### Captioned web images

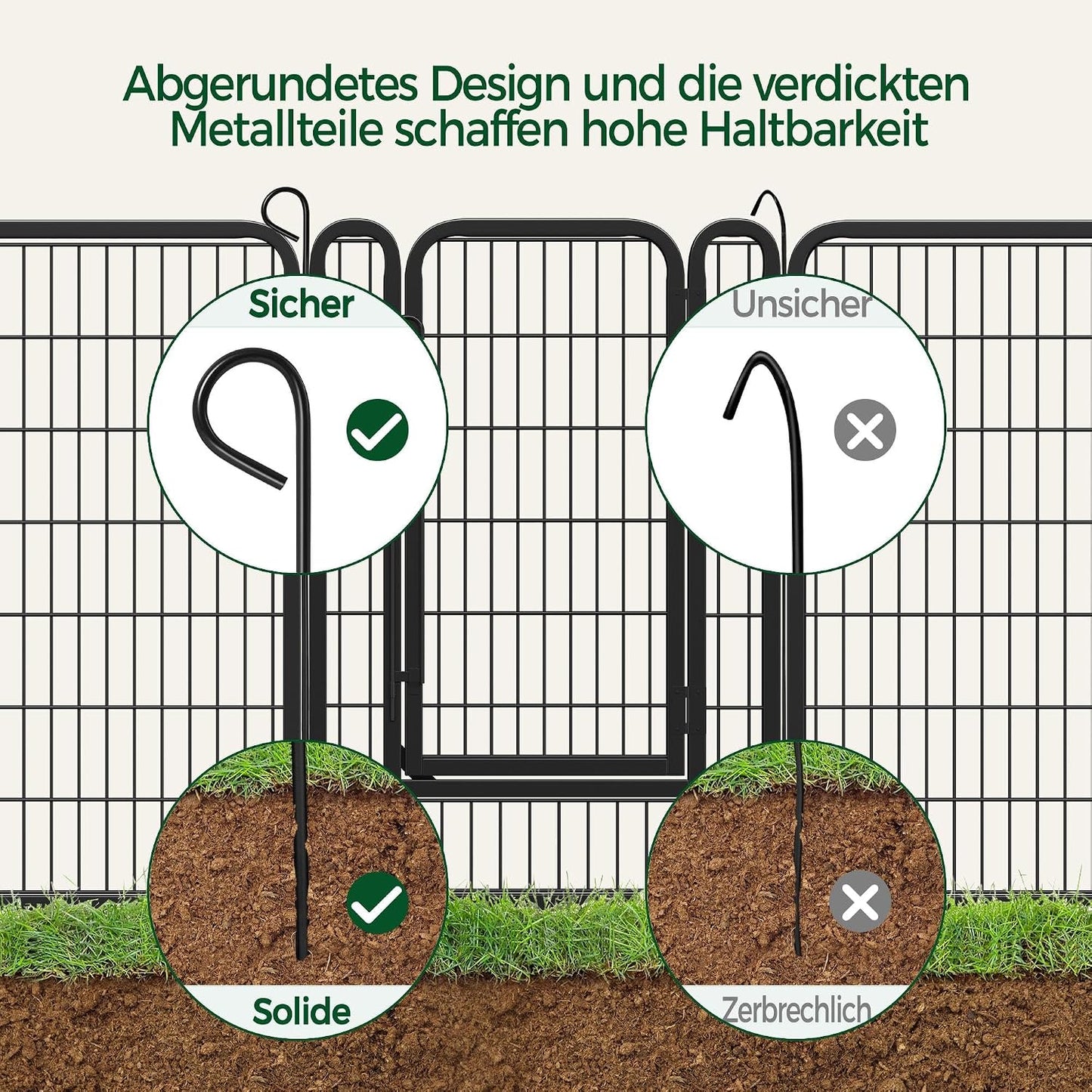 Yaheetech Puppyren - Enclos métallique pour chiots 6 panneaux avec porte - 100 cm de haut - 68 x 100 cm par panneau - Noir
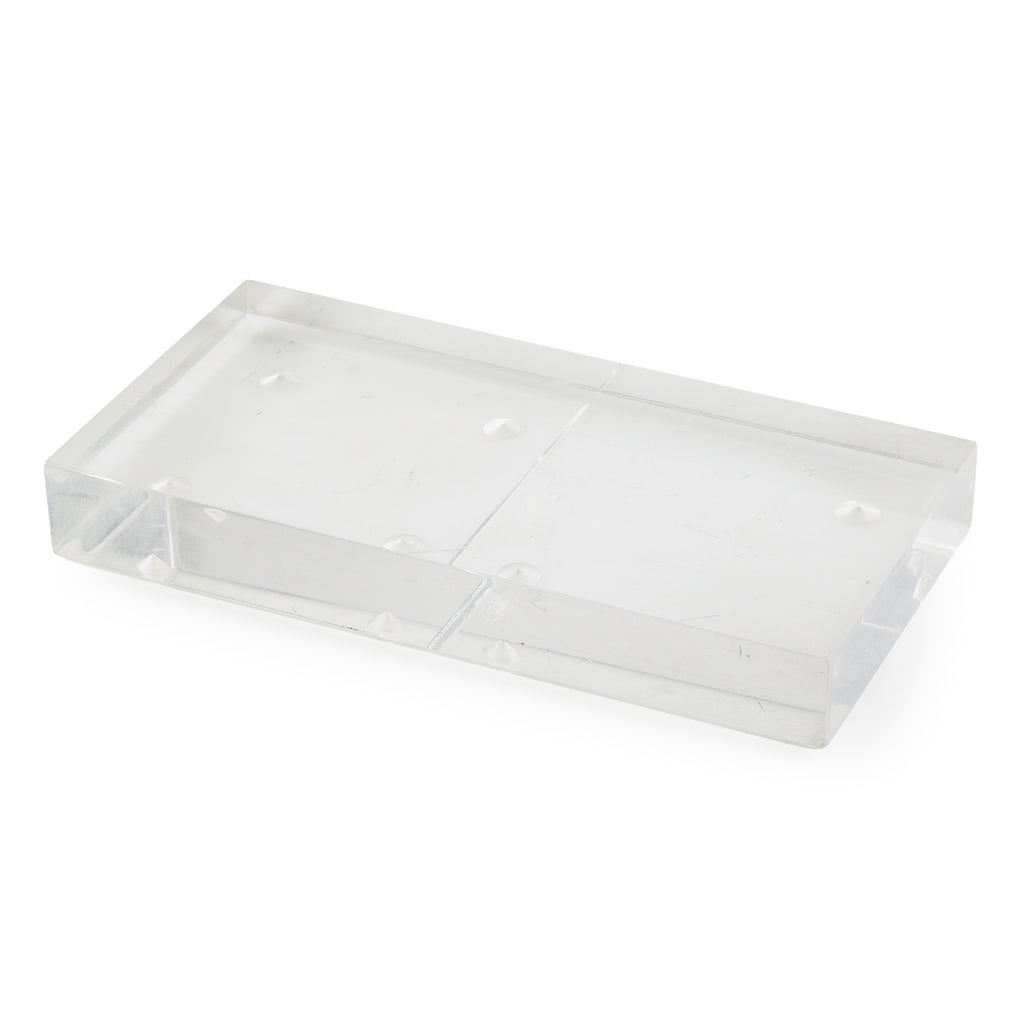 Clear Acrylic Rectangular Base / Coaster with Raised Feet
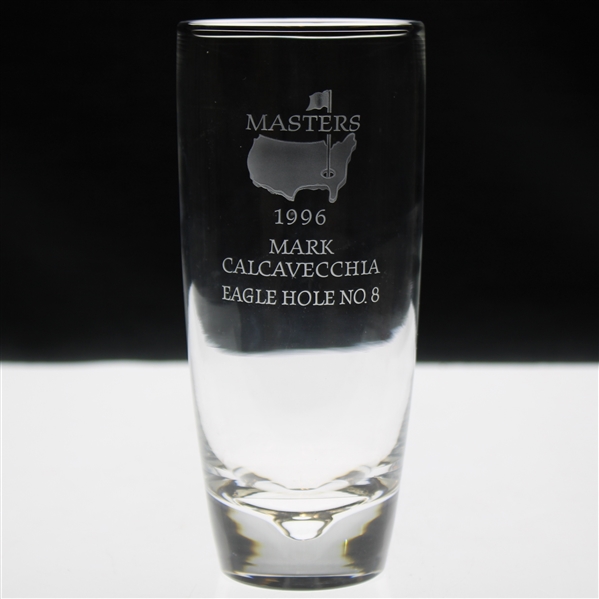 Mark Calcavecchias 1996 Masters Tournament Hole No. 8 Steuben Crystal Eagle Glass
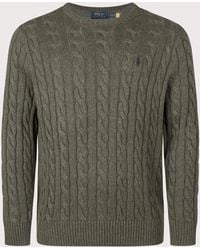 Polo Ralph Lauren - Regular Fit Cable Knit Cotton Jumper - Lyst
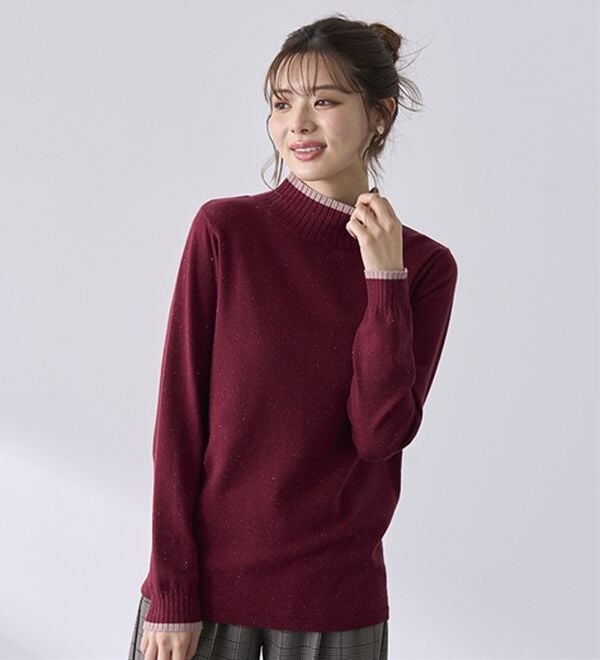 BELLUNA（ベルーナ）の「チクチクしない！ラメ入りウォッシャブルセーター（ニット・セーター）」｜詳細画像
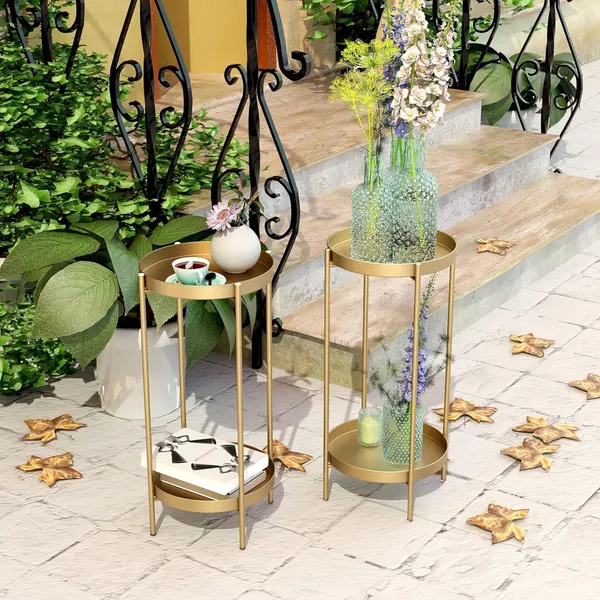 2_Tier_Metal_Plant_Stand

### TASK DESCRIPTION
Copy the records exactly. Skip the images.

### ANSWER SECTION
 Yaheetech Puppyren - Enclos métallique pour chiots 6 panneaux avec porte - 100 cm de haut - 68 x 100 cm par panneau - Noir
 Clear Acrylic Rectangular Base / Coaster with Raised Feet
 Mark Calcavecchias 1996 Masters Tournament Hole No. 8 Steuben Crystal Eagle Glass
 Polo Ralph Lauren - Regular Fit Cable Knit Cotton Jumper - Lyst
 BELLUNA（ベルーナ）の「チクチクしない！ラメ入りウォッシャブルセーター（ニット・セーター）」｜詳細画像
 2_Tier_Metal_Plant_Stand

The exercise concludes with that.